* YOUR TASK *
In the records below, find the line holding "Wave magnetische Qi"; copy it and every line after it to the end, omitting all images.

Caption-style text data
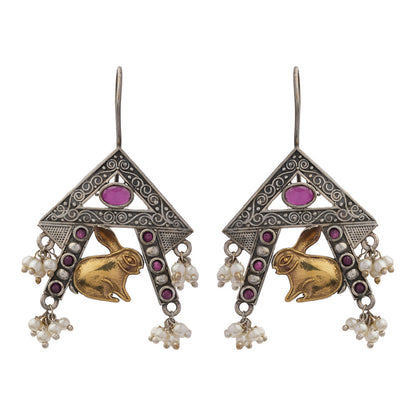 Anugunj- Silver Brass oxidised dangler earrings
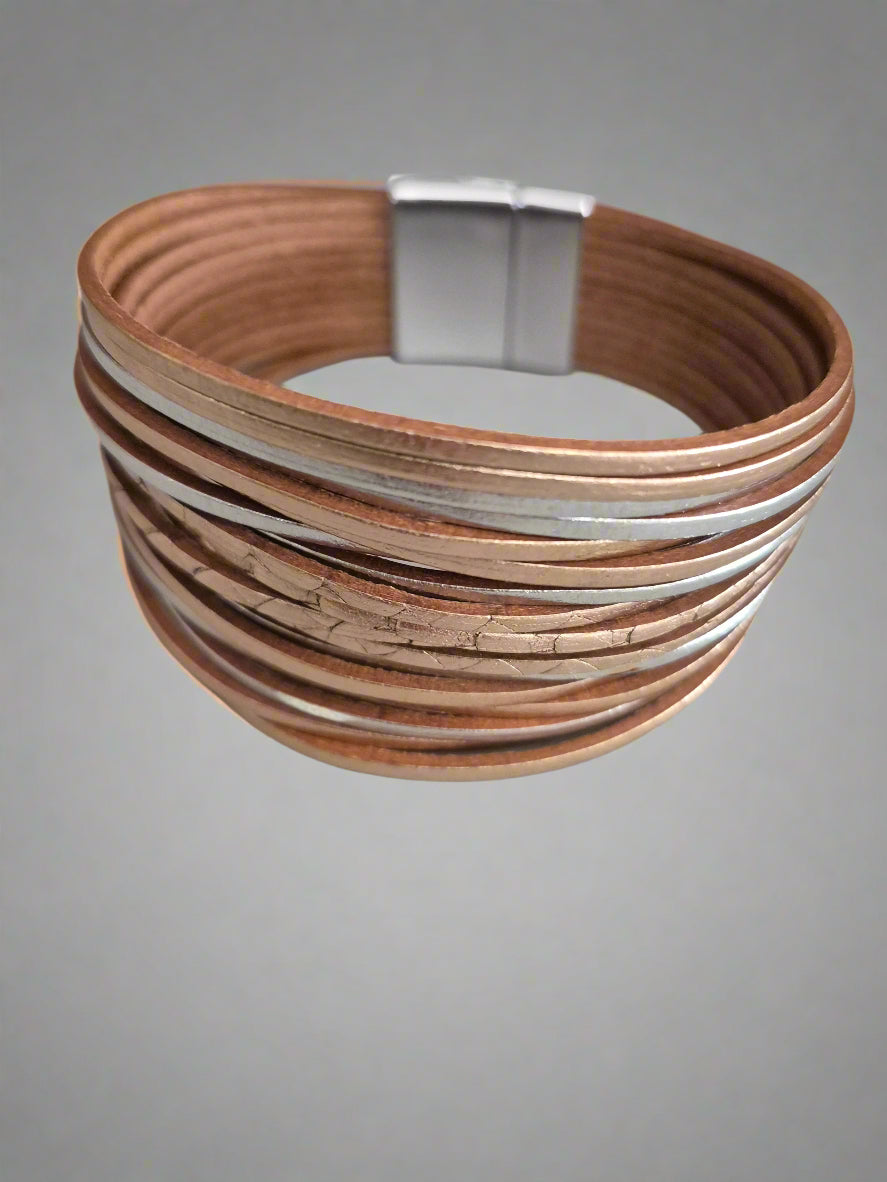 Rose Gold & Silver Multistrand Magnetic Bracelet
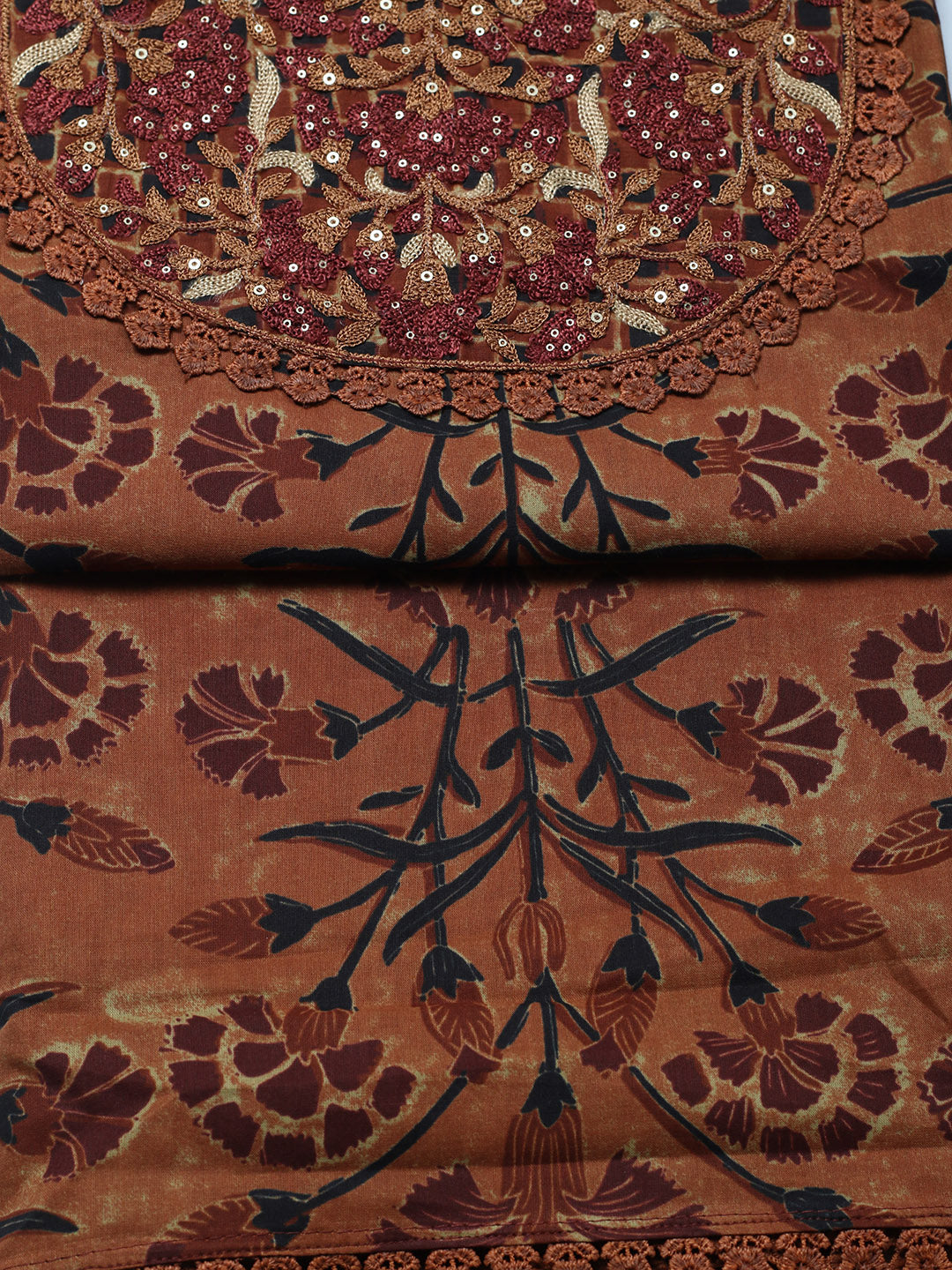 Embroidered Cotton Blend Unstitched Suit With Pant &amp; Dupatta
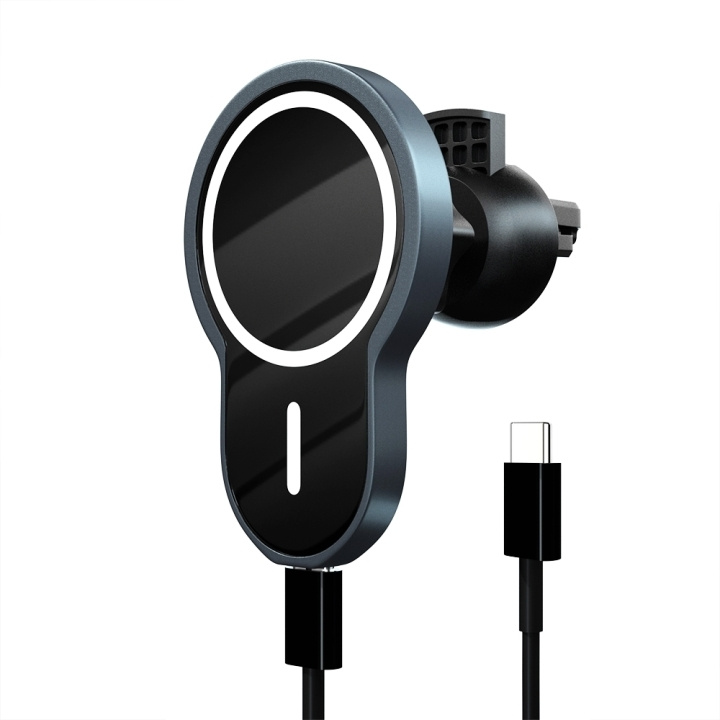 Wave magnetische Qi oplaadstandaard voor auto, zwart in de groep SMARTPHONE & TABLETS / Opladers & Kabels / Draadloze Qi-oplader bij TP E-commerce Nordic AB (D15977)
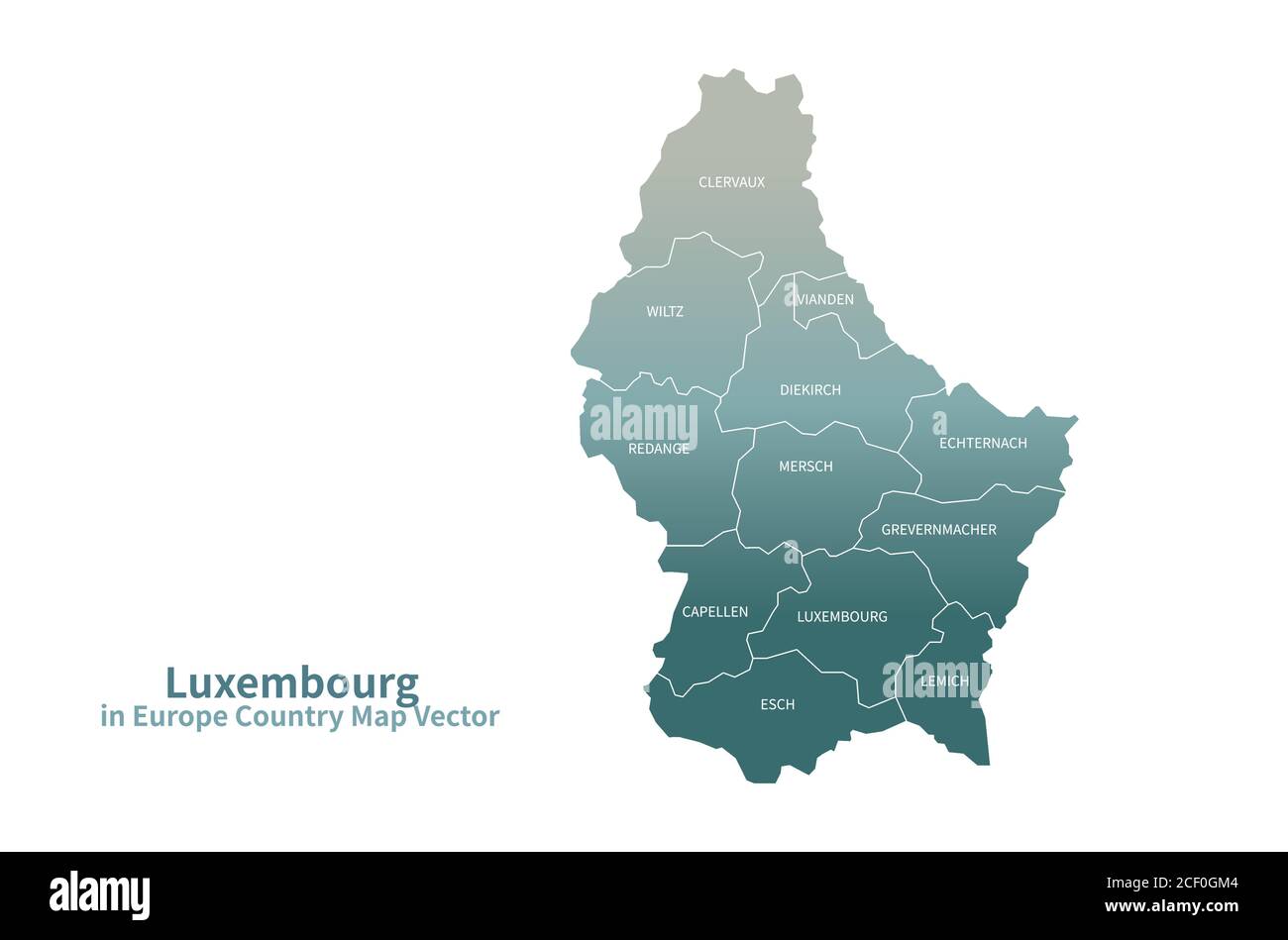 Mappa vettoriale del Lussemburgo. Mappa dei Paesi europei Serie Verde. Illustrazione Vettoriale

* RESPONSE TO THE EXERCISE *
 Wave magnetische Qi oplaadstandaard voor auto, zwart in de groep SMARTPHONE & TABLETS / Opladers & Kabels / Draadloze Qi-oplader bij TP E-commerce Nordic AB (D15977)
 Mappa vettoriale del Lussemburgo. Mappa dei Paesi europei Serie Verde. Illustrazione Vettoriale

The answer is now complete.